> [TASK PROMPT] Once you reach the line with "Hợp âm Mashup" in the material below, copy each line exactly up to and including the line with "Portable Stainless Steel", and skip the pictures.

> [RECORD SET]

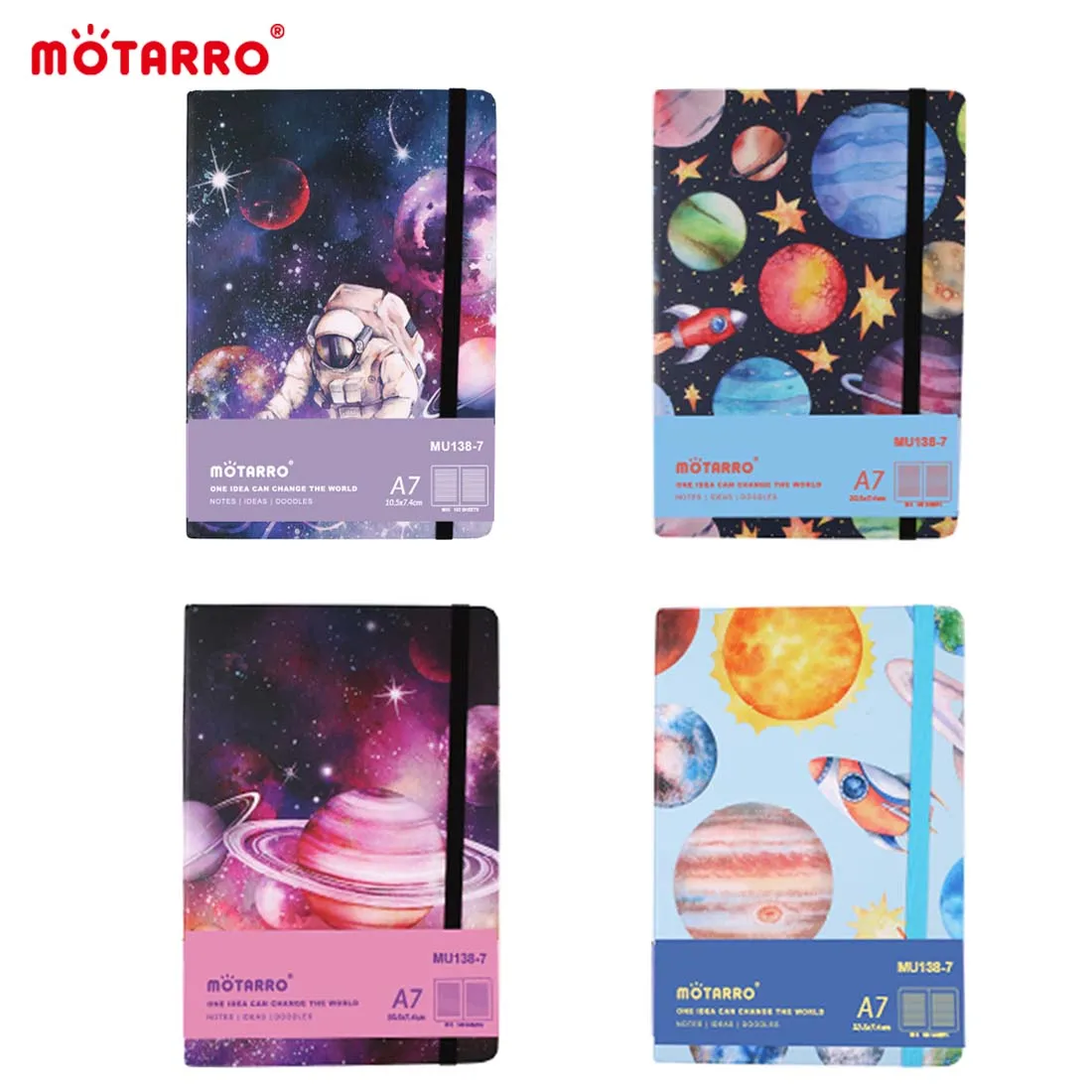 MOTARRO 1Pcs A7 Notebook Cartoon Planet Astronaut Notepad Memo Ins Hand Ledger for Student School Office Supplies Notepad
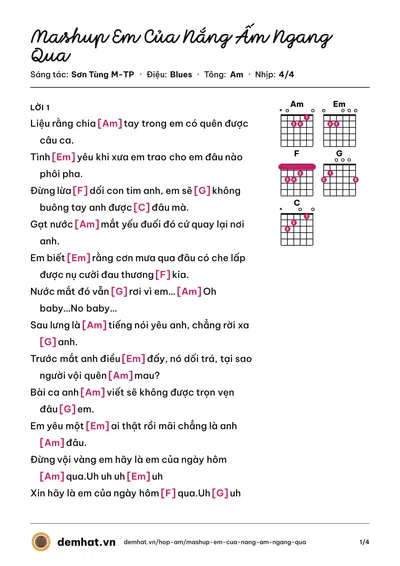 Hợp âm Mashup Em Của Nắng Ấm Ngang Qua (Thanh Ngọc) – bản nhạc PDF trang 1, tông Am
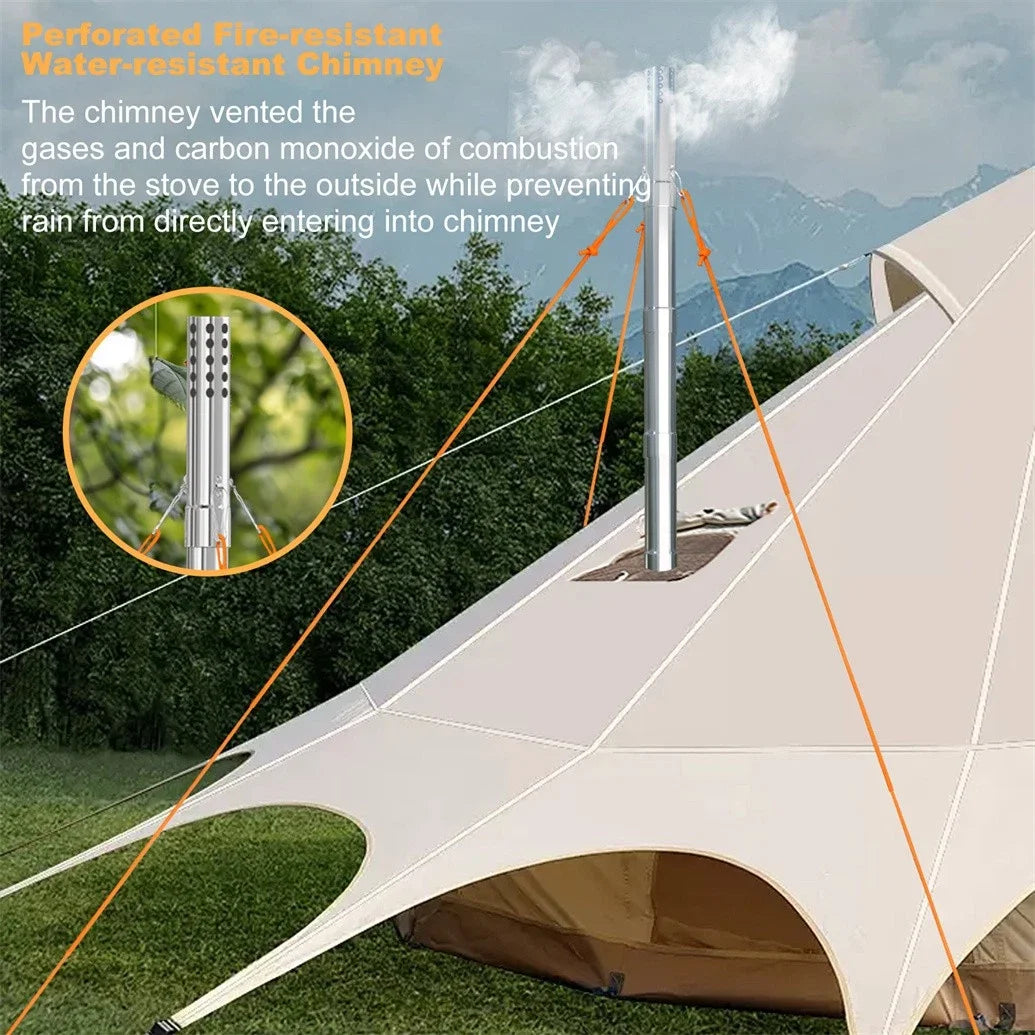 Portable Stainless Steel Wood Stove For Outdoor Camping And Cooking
...
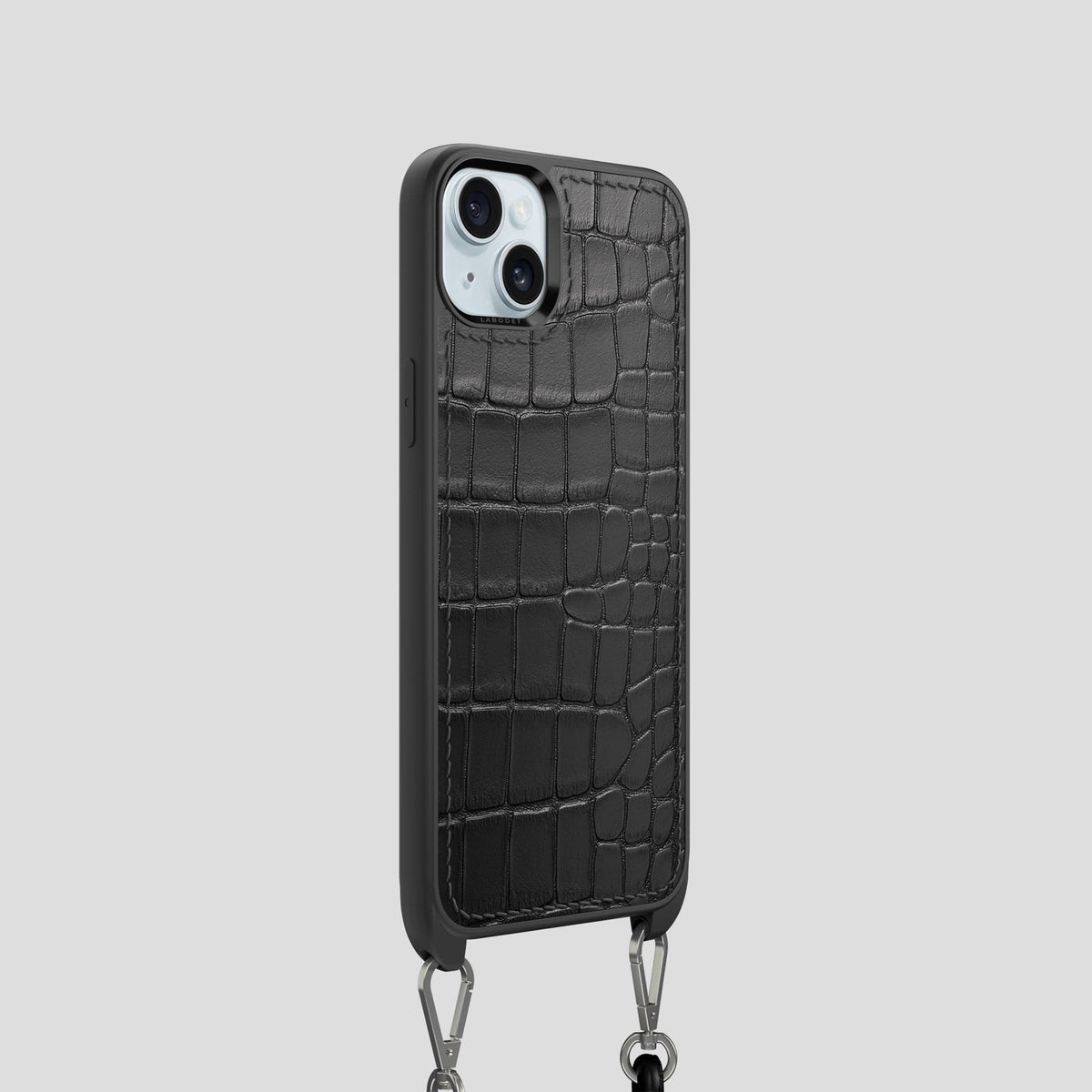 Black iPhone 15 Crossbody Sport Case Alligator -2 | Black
* * *
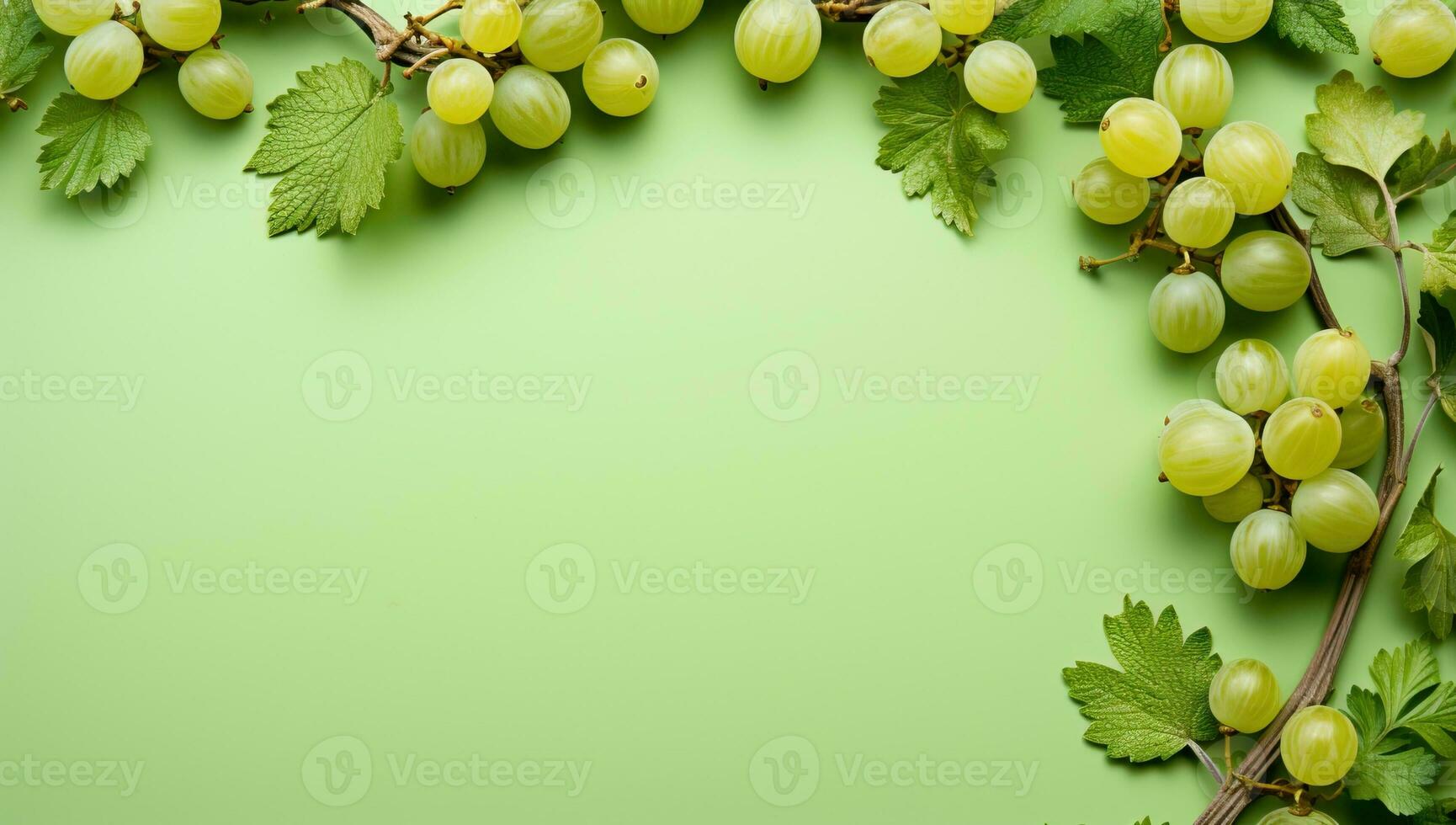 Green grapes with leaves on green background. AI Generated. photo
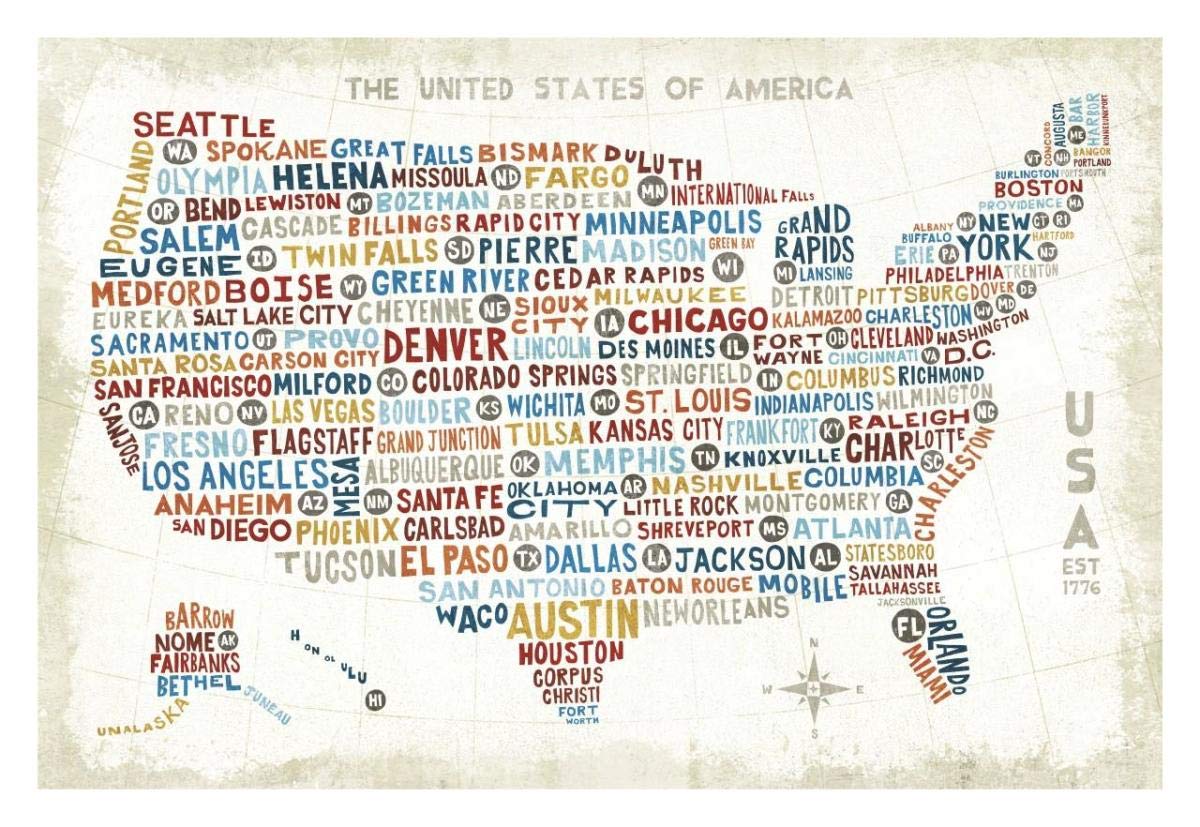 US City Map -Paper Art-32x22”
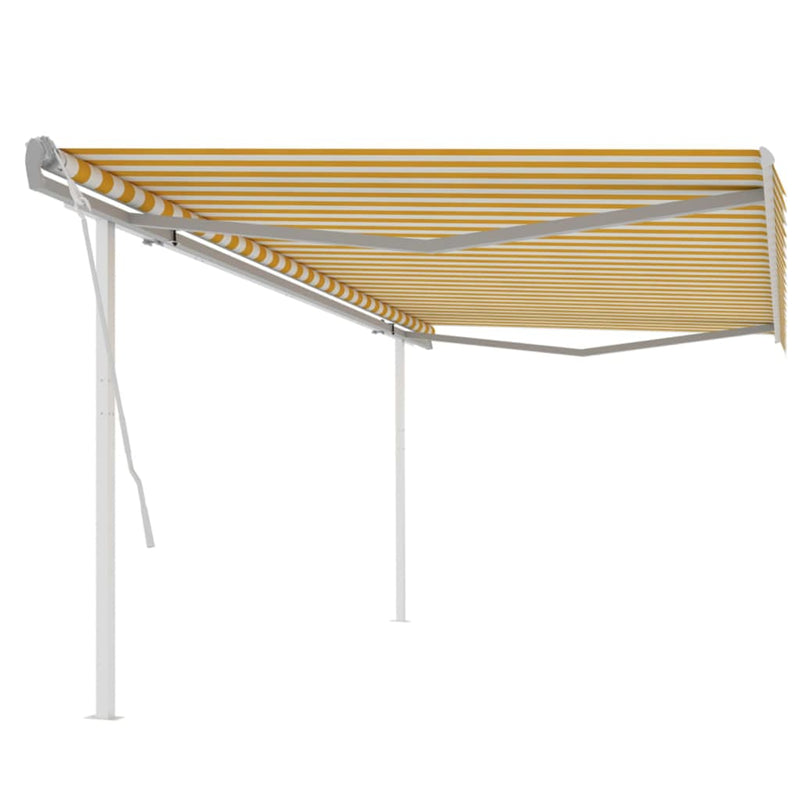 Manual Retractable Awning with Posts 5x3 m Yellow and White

> [EXERCISE SOLUTION]
 Hợp âm Mashup Em Của Nắng Ấm Ngang Qua (Thanh Ngọc) – bản nhạc PDF trang 1, tông Am
 Portable Stainless Steel Wood Stove For Outdoor Camping And Cooking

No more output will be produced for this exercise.